Dermatology MCQ - Viral Infections - Yellow Fever
A 28-year-old unvaccinated traveler returns from a jungle expedition in Brazil with a sudden onset of high fever, headache, and myalgia. After a brief period of remission, he develops jaundice, vomiting, and epistaxis. Yellow Fever
9/8/20252 min read
A 28-year-old unvaccinated traveler returns from a jungle expedition in Brazil with a sudden onset of high fever, headache, and myalgia. After a brief period of remission, he develops jaundice, vomiting, and epistaxis. Laboratory studies show leukopenia, elevated transaminases (AST > ALT), hyperbilirubinemia, and proteinuria.
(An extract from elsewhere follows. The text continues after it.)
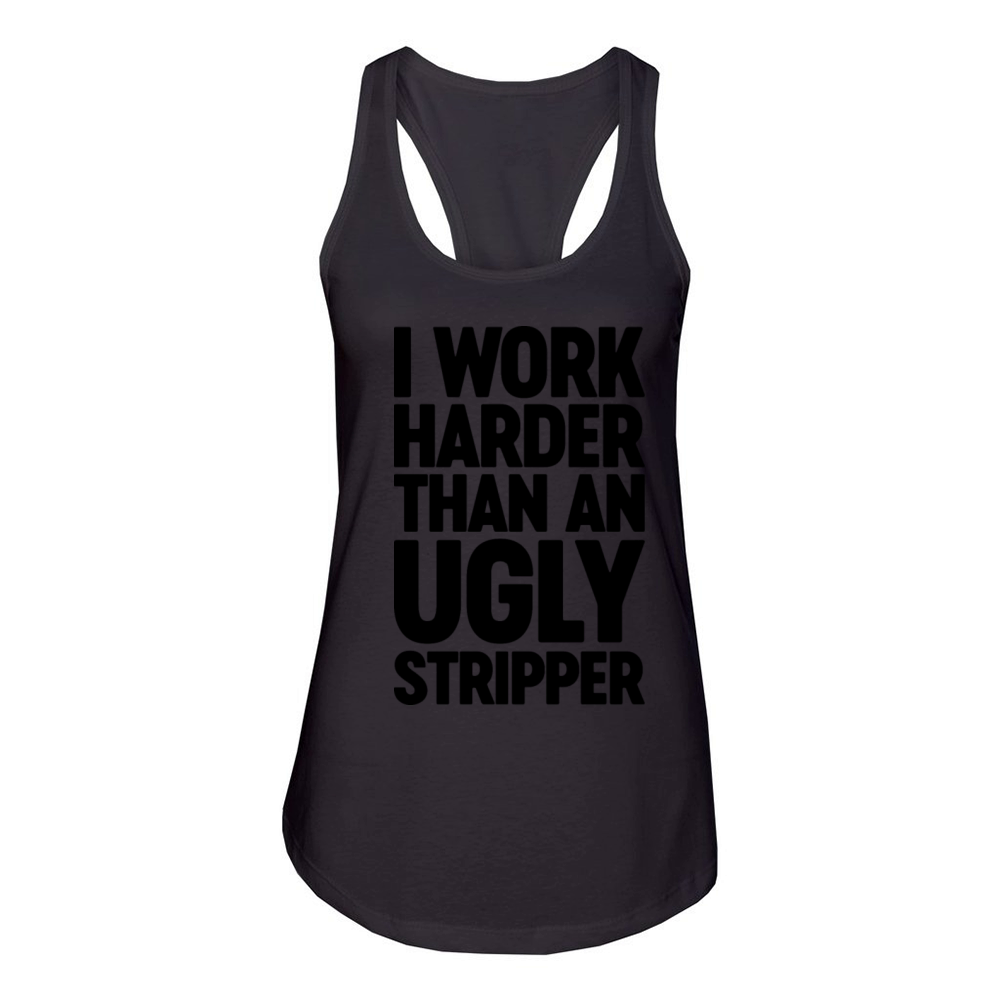 I Work Harder Than An Ugly Stripper Women's Racerback Tank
Which of the following is the most likely diagnosis and the vector responsible for transmission?
A) Dengue fever; Aedes aegypti mosquito
B) Yellow fever; Aedes aegypti or Haemagogus mosquito
C) Leptospirosis; contact with contaminated water
D) Viral hepatitis A; fecal-oral transmission
E) Malaria; Anopheles mosquito
Correct Answer: B) Yellow fever; Aedes aegypti or Haemagogus mosquito
Explanation
This presentation is classic for yellow fever, a viral hemorrhagic fever with a characteristic biphasic course.
Key Clinical Features of Yellow Fever:
Initial Phase (Period of Infection): Sudden onset of high fever, headache, myalgia, nausea, and relative bradycardia (Faget's sign). Lasts 3-4 days.
Period of Remission: Symptoms abate for ~24 hours.
Toxic Phase (Period of Intoxication): ~15-25% of patients progress to this severe phase, featuring:
Jaundice (due to liver involvement).
Hemorrhagic manifestations (epistaxis, gum bleeding, melena).
Renal dysfunction (proteinuria, oliguria).
Vomiting (often black due to gastric bleeding — "coffee ground emesis").
Laboratory Findings: Leukopenia, elevated transaminases (AST > ALT), hyperbilirubinemia, coagulopathy, and proteinuria.
Virologic and Epidemiologic Features:
Causative Agent: Yellow fever virus (a flavivirus).
Transmission:
Urban cycle: Transmitted by the Aedes aegypti mosquito.
Jungle (sylvatic) cycle: Transmitted by Haemagogus and Sabethes mosquitoes (as in this case, from a jungle expedition).
Reservoir: Primates (monkeys) in the jungle cycle.
Why Not the Other Options?
(A) Dengue fever: Causes fever, headache, myalgia, and rash, but jaundice and significant hemorrhage are rare except in severe dengue. Lab findings show thrombocytopenia but not typically AST > ALT or hyperbilirubinemia.
(C) Leptospirosis: Causes fever, jaundice, and hemorrhage (Weil's disease) but is acquired through contact with water contaminated by animal urine. It does not have a biphasic course or mosquito vector.
(D) Viral hepatitis A: Causes jaundice and elevated transaminases but is transmitted via the fecal-oral route. It does not cause hemorrhage, leukopenia, or a biphasic illness.
(E) Malaria: Causes fever, jaundice, and can have a relapsing course, but jaundice is hemolytic (not hepatic), and lab findings show hemolytic anemia (not AST > ALT). Transmitted by Anopheles mosquitoes.
Management:
Supportive care: No specific antiviral treatment. Focus on fluid management, transfusion for hemorrhage, and renal support.
Prevention: Live attenuated vaccine (17D) is highly effective and provides lifelong immunity. Required for travel to endemic areas.
Prognosis:
Case fatality rate in the toxic phase is 20-50%. Survivors have lifelong immunity.
Note: Yellow fever is preventable by vaccination. The "yellow" refers to jaundice. Always consider vaccination status in travelers with fever and jaundice.